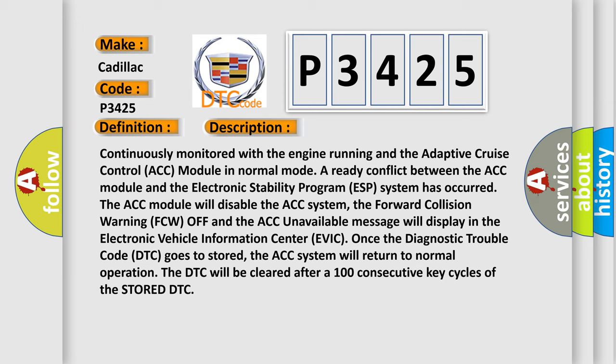Once the diagnostic trouble code DTC goes to stored, the ACC system will return to normal operation. The DTC will be cleared after 100 consecutive key cycles of the stored DTC.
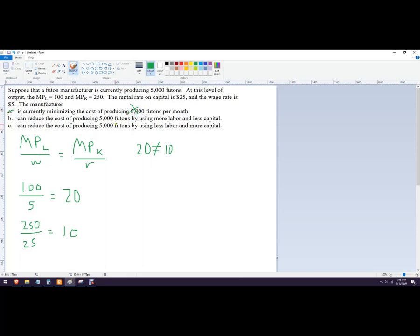So it wants to know we want more labor and less capital or less labor and more capital. So which one is like more productive per dollar? Well, that's the labor side. So we want more labor and less capital.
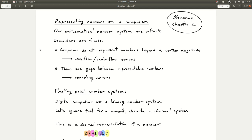Hello everyone and welcome back to our course on statistical computing in R. The course is a mix of programming practices, programming fundamentals, R data structures, and also some theory about numerical methods, algorithms, computers, and numbers. So far we've focused mostly on the programming side and we will continue to do that, but from now on we're going to start introducing more mathematical or theoretical concepts — always tied back to the programming side.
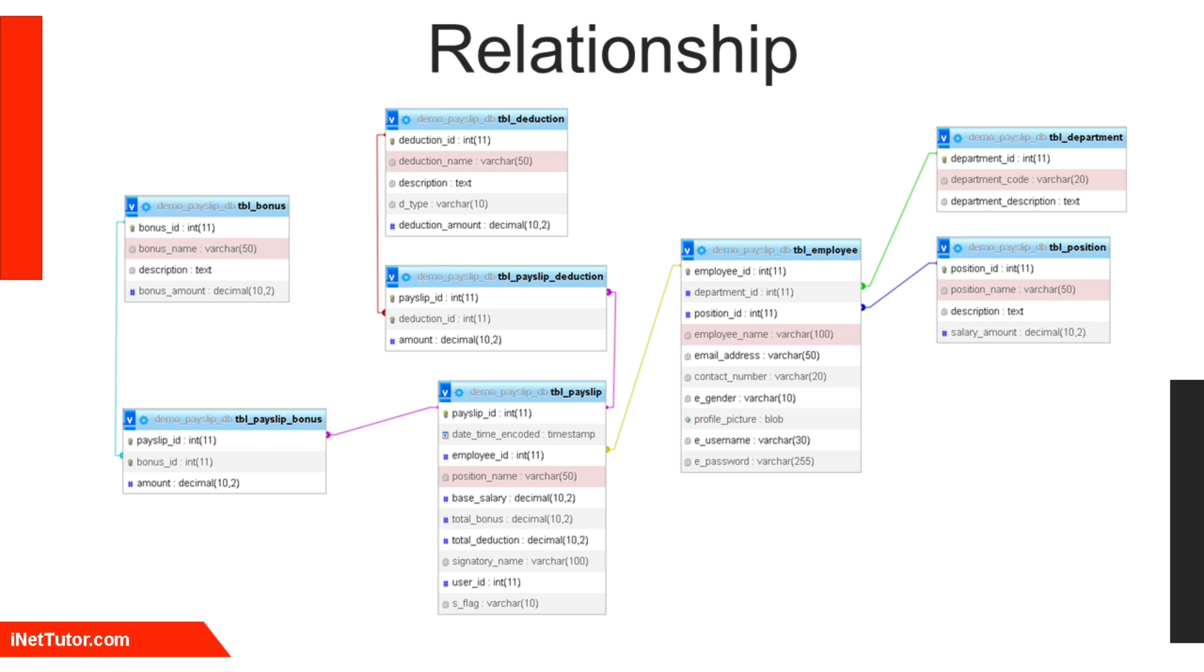Employees can have multiple payslips, linking TBL_employee to TBL_payslip in a one-to-many relationship.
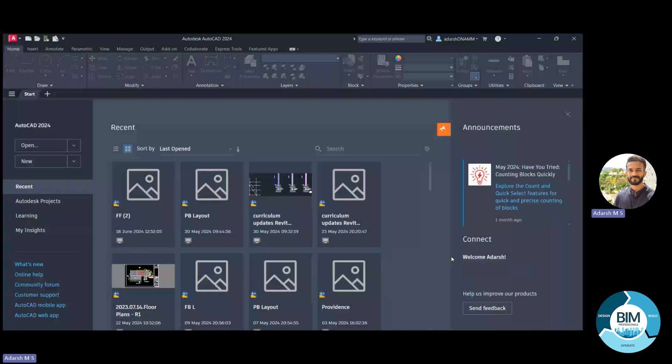Hi all, welcome to our new course: Master in AutoCAD. In this course, we will be teaching you to get familiarized with the drafting software called AutoCAD and we will make you an expert in this particular software.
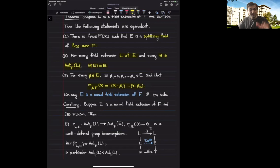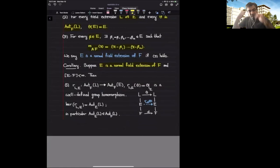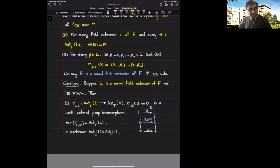This theorem says a finite field extension is normal if and only if it is a splitting field of some polynomial, and this happens precisely when every automorphism of any field extension of E sends E to itself. An immediate corollary is: if E over F is a normal field extension, then for any field extension L of E, every F-linear automorphism of L, when restricted to E, gives an F-linear automorphism of E, since the image of E under such a map is again E.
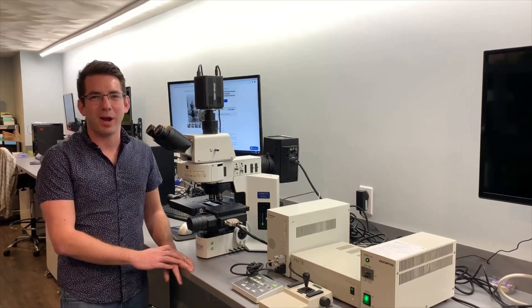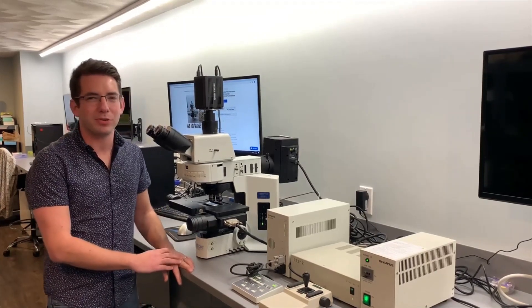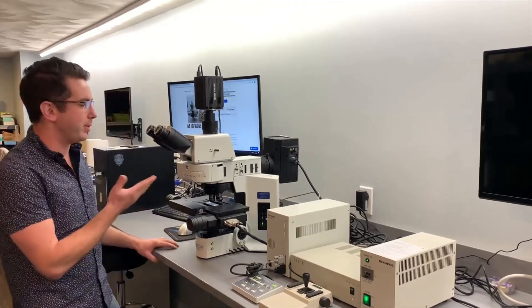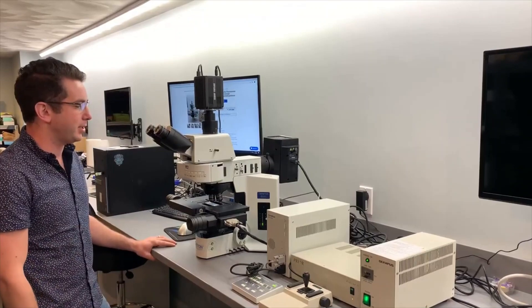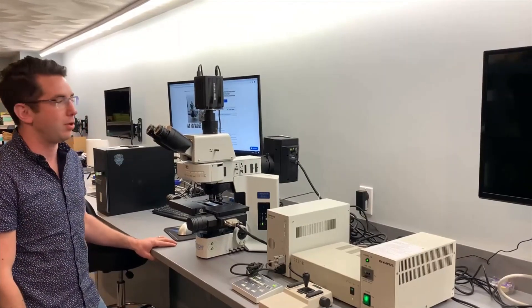Hi, this is Brian with Boston Microscopes. Today we're featuring our refurbished Olympus BX61 upright fluorescent microscope.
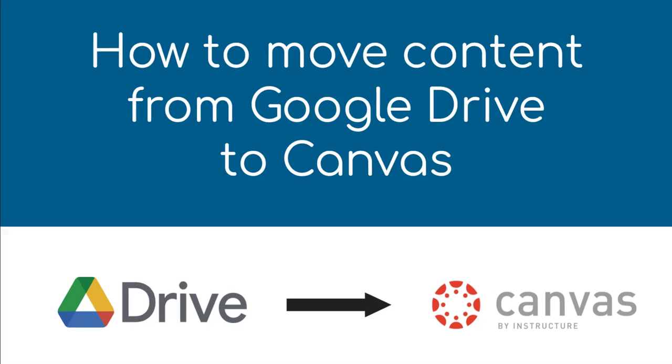In this video, you'll learn how to move content from your Google Drive to Canvas. I'll be showing how to move a Moodle backup file from my Google Drive into Canvas, but the process is the same regardless of what you are moving.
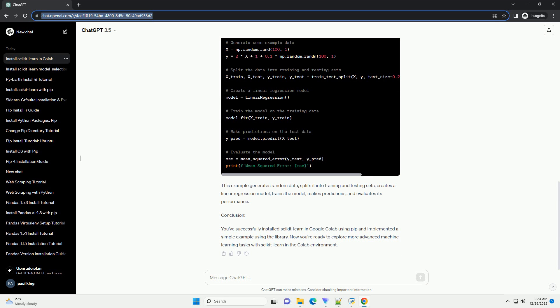Step 5: Example Usage of Scikit-Learn in Colab. Now that Scikit-Learn is installed, let's go through a simple example. In this case, we'll use Scikit-Learn to perform linear regression. This example generates random data, splits it into training and testing sets, creates a linear regression model, trains the model, makes predictions, and evaluates its performance.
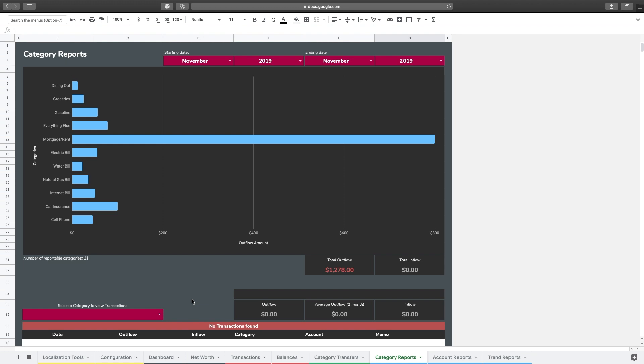These may be things like bills that are the same every single month, or just other really consistent things that you're not really interested in seeing here.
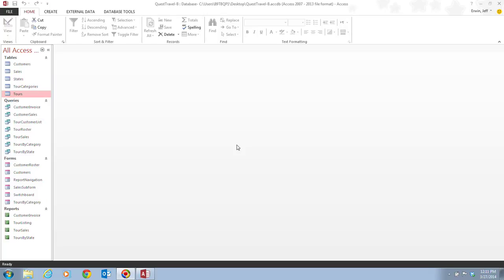In this video, we're going to be on pages Access 32 and 33, in which we're going to use the Query Design View. You can use Query Design View to add, delete, or move fields in an existing query, to specify sort orders, or to add criteria to limit the number of records shown in the resulting datasheet.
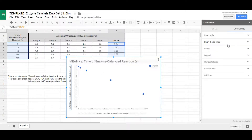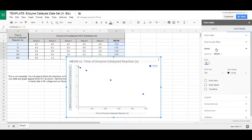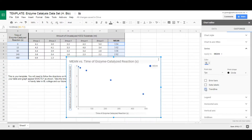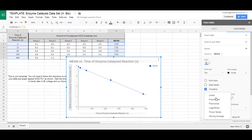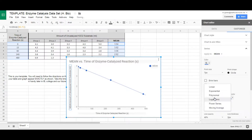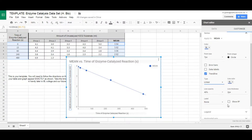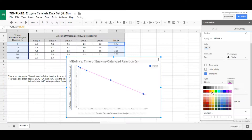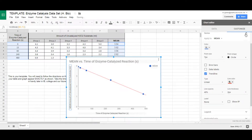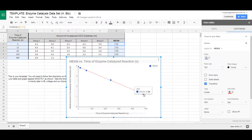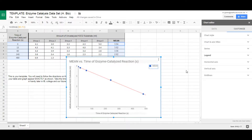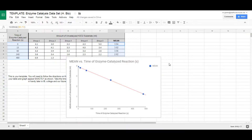Now we want to add a trendline. Go to Series and you'll see a Trendline option — click it and see how it fits the data. You can try different types: it could be polynomial, but exponential doesn't fit well here. Linear appears to be the best fit, so leave it at linear. There does appear to be a linear trend. You can also play with the trendline color if you'd like — just make sure it's visible.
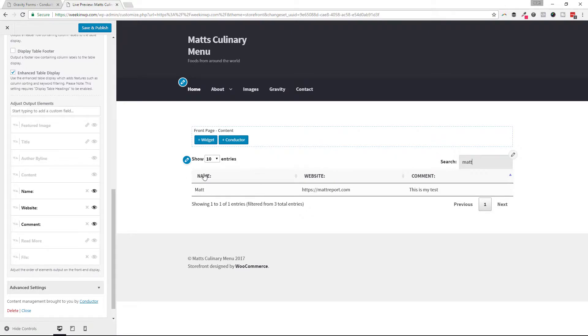It's the Gravity Forms add-on for Conductor. You can get it at conductorplugin.com.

WHAT THE EXERCISE ASKS -
Transcribe all of the listing precisely. The images stay out of it.

WRITTEN REPLY -
Once the diagnostic trouble code DTC goes to stored, the ACC system will return to normal operation. The DTC will be cleared after 100 consecutive key cycles of the stored DTC.
So it wants to know we want more labor and less capital or less labor and more capital. So which one is like more productive per dollar? Well, that's the labor side. So we want more labor and less capital.
Hello everyone and welcome back to our course on statistical computing in R. The course is a mix of programming practices, programming fundamentals, R data structures, and also some theory about numerical methods, algorithms, computers, and numbers. So far we've focused mostly on the programming side and we will continue to do that, but from now on we're going to start introducing more mathematical or theoretical concepts — always tied back to the programming side.
Employees can have multiple payslips, linking TBL_employee to TBL_payslip in a one-to-many relationship.
Hi all, welcome to our new course: Master in AutoCAD. In this course, we will be teaching you to get familiarized with the drafting software called AutoCAD and we will make you an expert in this particular software.
This theorem says a finite field extension is normal if and only if it is a splitting field of some polynomial, and this happens precisely when every automorphism of any field extension of E sends E to itself. An immediate corollary is: if E over F is a normal field extension, then for any field extension L of E, every F-linear automorphism of L, when restricted to E, gives an F-linear automorphism of E, since the image of E under such a map is again E.
Hi, this is Brian with Boston Microscopes. Today we're featuring our refurbished Olympus BX61 upright fluorescent microscope.
In this video, you'll learn how to move content from your Google Drive to Canvas. I'll be showing how to move a Moodle backup file from my Google Drive into Canvas, but the process is the same regardless of what you are moving.
Step 5: Example Usage of Scikit-Learn in Colab. Now that Scikit-Learn is installed, let's go through a simple example. In this case, we'll use Scikit-Learn to perform linear regression. This example generates random data, splits it into training and testing sets, creates a linear regression model, trains the model, makes predictions, and evaluates its performance.
These may be things like bills that are the same every single month, or just other really consistent things that you're not really interested in seeing here.
In this video, we're going to be on pages Access 32 and 33, in which we're going to use the Query Design View. You can use Query Design View to add, delete, or move fields in an existing query, to specify sort orders, or to add criteria to limit the number of records shown in the resulting datasheet.
Now we want to add a trendline. Go to Series and you'll see a Trendline option — click it and see how it fits the data. You can try different types: it could be polynomial, but exponential doesn't fit well here. Linear appears to be the best fit, so leave it at linear. There does appear to be a linear trend. You can also play with the trendline color if you'd like — just make sure it's visible.
It's the Gravity Forms add-on for Conductor. You can get it at conductorplugin.com.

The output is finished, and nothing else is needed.